# Coconut Fiber loose VS compressed (brick)



## Dosu (Nov 13, 2015)

Hello everyone,
My tortoise loves digging and burrowing (or thats what I think) and since I changed the substrate from aspen to reptibark (as suggested by you guys) my tortoise stopped for some reason. He still sleeps/naps in the corner but doesn't burrow. So I want to use another substrate and I found at my pet store some Eco-Earth coconut fiber. There is the loose kind and the compress brick one. The loose one is 12 dollars (8.8 liters) and the compressed brick one is 5 dollars (7-8 liters). Why is there a big price difference between both kinds of substrate? They are almost the same volume so I find this weird. Is the loose one better/less messy since it's more expensive?
Thanks!

(BTW: I can only find coconut fiber substrate at the pet shop. There isn't any hardware stores or plant shops or anything like that where I live  Also I would try dirt/playsand but my parents are against the whole debacle of keeping dirt in my bedroom.)


----------



## Yvonne G (Nov 13, 2015)

I don't have experience with both kinds, but my guess is that the compressed brick gives you more volume once you hydrate it.


----------



## Dosu (Nov 13, 2015)

Yvonne G said:


> I don't have experience with both kinds, but my guess is that the compressed brick gives you more volume once you hydrate it.



Thanks for the reply!
But if that was the case then why would the compressed one be cheaper then. That's what I find really weird. Anyways, the petshop website says that the compressed brick gives 7-8 liters of substrate and the loose gives 8.8 liters of substrate. I'm just wondering if there's any difference/better one.


----------



## ZEROPILOT (Nov 13, 2015)

Have you used the brick? It's a pain in the rear to deal with. I.M.O.


----------



## Dosu (Nov 13, 2015)

ZEROPILOT said:


> Have you used the brick? It's a pain in the rear to deal with. I.M.O.



 That does seem plausible. Maybe it's cheaper because it's harder to use. Thanks!

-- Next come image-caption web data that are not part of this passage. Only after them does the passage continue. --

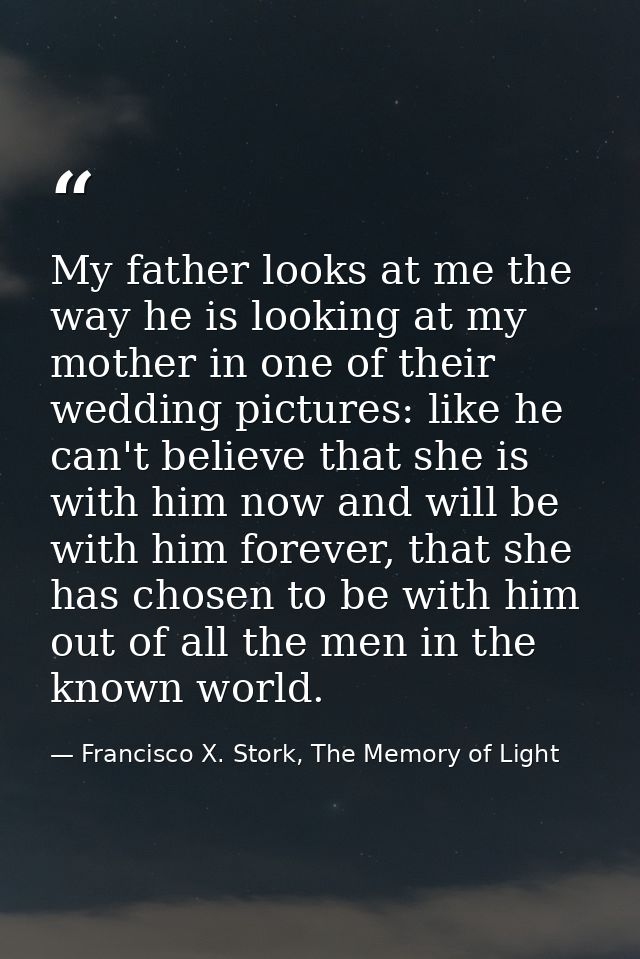 My father looks at me the way he is looking at my mother in one of their wedding pictures: like he can't believe that sh — Francisco X. Stork, The Memory of Light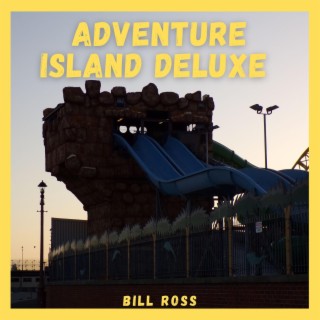 Music Inspired By: Adventure Island - Deluxe
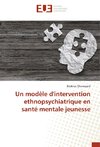 Un modèle d'intervention ethnopsychiatrique en santé mentale jeunesse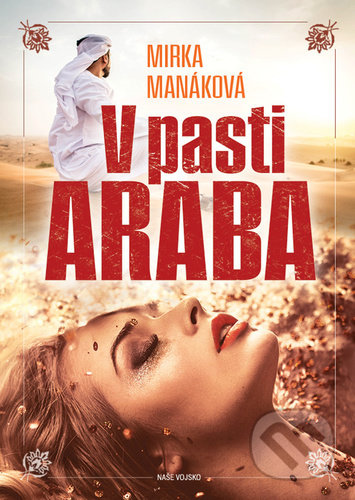Kniha: V pasti Araba (Mirka Manáková). Naše vojsko CZ, 2021 Kniha: V pasti Araba (Mirka Manáková). Naše vojsko CZ, 2021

EDIT: If you don't mind, could you tell me the problems you had with the bricked version? Is it more messy that the loose version?


----------



## ZEROPILOT (Nov 13, 2015)

Dosu said:


> That does seem plausible. Maybe it's cheaper because it's harder to use. Thanks!
> 
> EDIT: If you don't mind, could you tell me the problems you had with the bricked version? Is it more messy that the loose version?

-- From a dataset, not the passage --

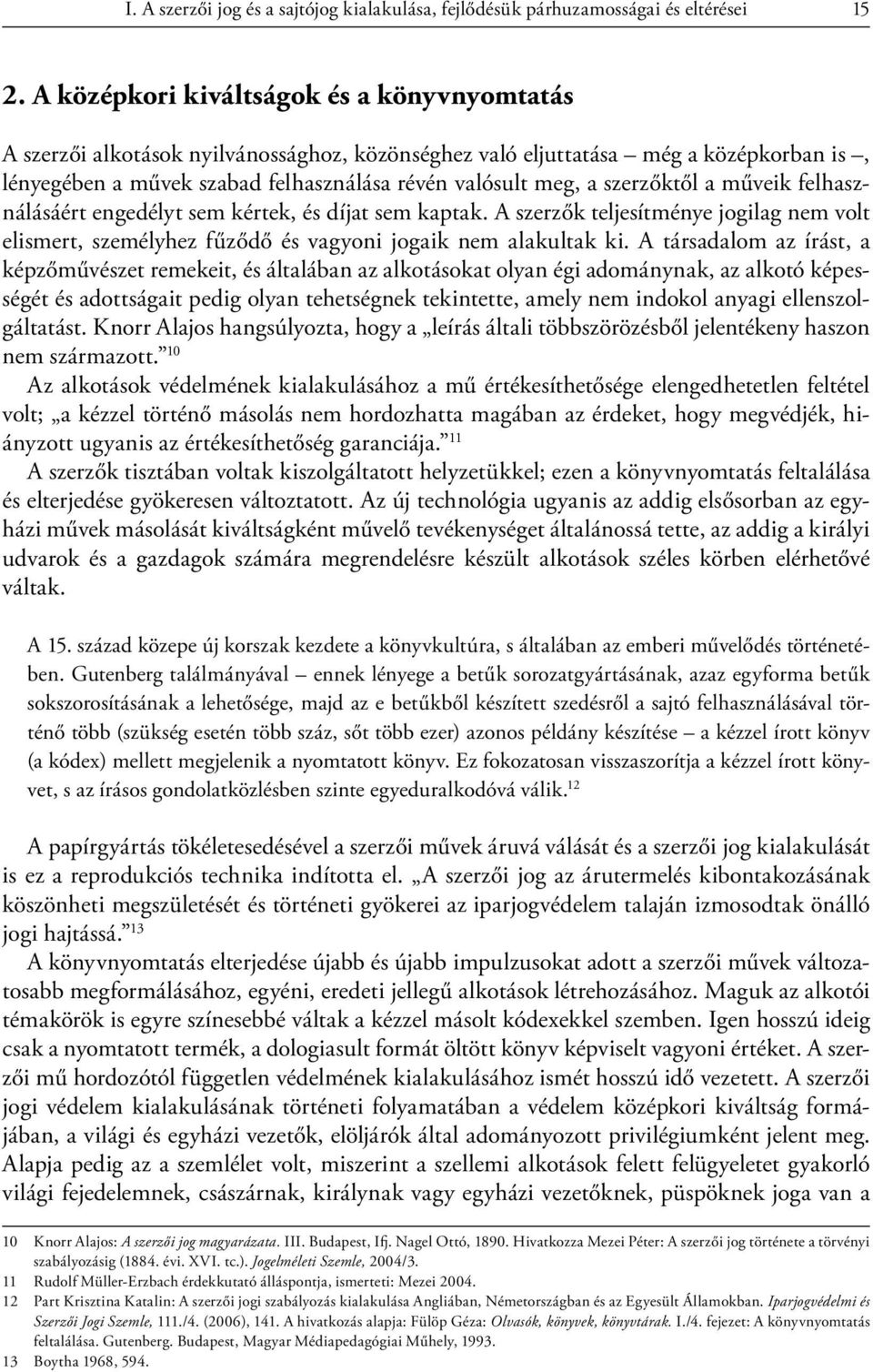 szerzőktől a műveik felhasználásáért engedélyt sem kértek, és díjat sem kaptak. A szerzők teljesítménye jogilag nem volt elismert, személyhez fűződő és vagyoni jogaik nem alakultak ki.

To tear off a chunk of it was difficult and it went everywhere. Rehydrating it was no quick affair. Messy with hard and pointed parts.
I am not a fan.


----------



## Dosu (Nov 13, 2015)

ZEROPILOT said:


> To tear off a chunk of it was difficult and it went everywhere. Rehydrating it was no quick affair. Messy with hard and pointed parts.
> I am not a fan.



Woah, that seems like a pain to deal with. I think I'll get the loose coconut fiber version and see how that works. I hope it's not as messy or contains any pointy parts like the brick one.


----------



## Jodie (Nov 13, 2015)

I love the bricks. I just put them in a tub with water and come back in 20 minutes.


----------



## Team Gomberg (Nov 13, 2015)

I prefer compressed if you are using it indoors. I liked to bake mine in the oven first to kill off any bug eggs (just in case) and the brick form is perfect for that! Put it on a cookie sheet at 250°F for 4-6 hours. Bam no hitchhikers!
Plus you have to dampen it anyway. So even the loose coir needs water.

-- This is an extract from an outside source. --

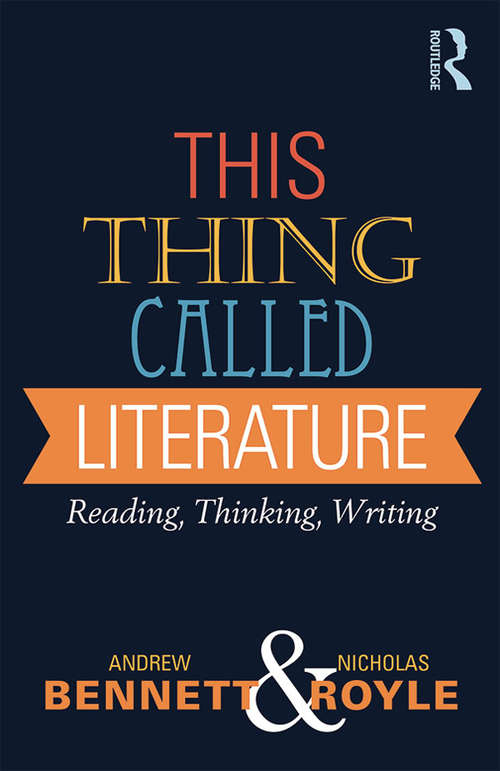 Book cover of This Thing Called Literature: Reading, Thinking, Writing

Here the loose bag is $8 and a set of 3 bricks is $6. That's 3x the amount for 2 bucks cheaper! Win win.


----------



## Greg T (Nov 13, 2015)

The brick is simply cheaper and takes less space in a warehouse/store shelf for the same amount of product. I used the bricks and they are okay but you do have to wet and wait to get the final product. Once hydrated, I usually pick out the longer strands and I'm left with a very nice substrate for the babies.


----------



## Tidgy's Dad (Nov 27, 2015)

I also prefer the bricks, and agree with Greg that it's cheaper as it takes up less storage space for transportation and ...er, storage.


----------



## Carol S (Nov 27, 2015)

Using the brick form is cheaper. You will still have to add water to the expanded form as it is too dry. I just put the whole brick in a pail and add warm water and let it set for a while. I add less water than what the directions say to add because when I followed the directions the coir was too wet. . I order my ZooMed coir from PetMountain.com.


----------



## kaycov (Aug 23, 2020)

Just a comment about the coco coir. I've always bought the loose coir, and it seemed to work fine although really dusty and messy. I was finding my tort room, living room and kitchen to be loaded with dust - all over the furniture, the air vents, the floors, and I developed this honky cough a couple of years ago that the doctor put down to "allergies." I couldn't figure out why my three most-used rooms were so dusty, and I tried all kinds of things (including dusting and vacuuming every day). The dust was always brown/red so I decided to change the coir to cedar mulch. It's been in the indoor pen for about two weeks now, and I have almost no dust at all. I did a thorough cleaning of the house and the tort pen and room, and I'm floored at how little dust I have anymore, and the cough went away. Makes me wonder if all that coco coir dust wasn't also affecting the torts lungs as well. the torts are still able to burrow and dig and rearrange their pen with no problems, but there's no more coir in their food/water either. So for me, personally, I would never use the coco coir again.


----------



## Tom (Aug 23, 2020)

Karen Covill said:


> Just a comment about the coco coir. I've always bought the loose coir, and it seemed to work fine although really dusty and messy. I was finding my tort room, living room and kitchen to be loaded with dust - all over the furniture, the air vents, the floors, and I developed this honky cough a couple of years ago that the doctor put down to "allergies." I couldn't figure out why my three most-used rooms were so dusty, and I tried all kinds of things (including dusting and vacuuming every day). The dust was always brown/red so I decided to change the coir to cedar mulch. It's been in the indoor pen for about two weeks now, and I have almost no dust at all. I did a thorough cleaning of the house and the tort pen and room, and I'm floored at how little dust I have anymore, and the cough went away. Makes me wonder if all that coco coir dust wasn't also affecting the torts lungs as well. the torts are still able to burrow and dig and rearrange their pen with no problems, but there's no more coir in their food/water either. So for me, personally, I would never use the coco coir again.


You've made two mistakes.

1. Coco coir is never meant to be used dry. When kept properly damp, it creates no dust at all. And tortoises need it to be damp. All species, all ages.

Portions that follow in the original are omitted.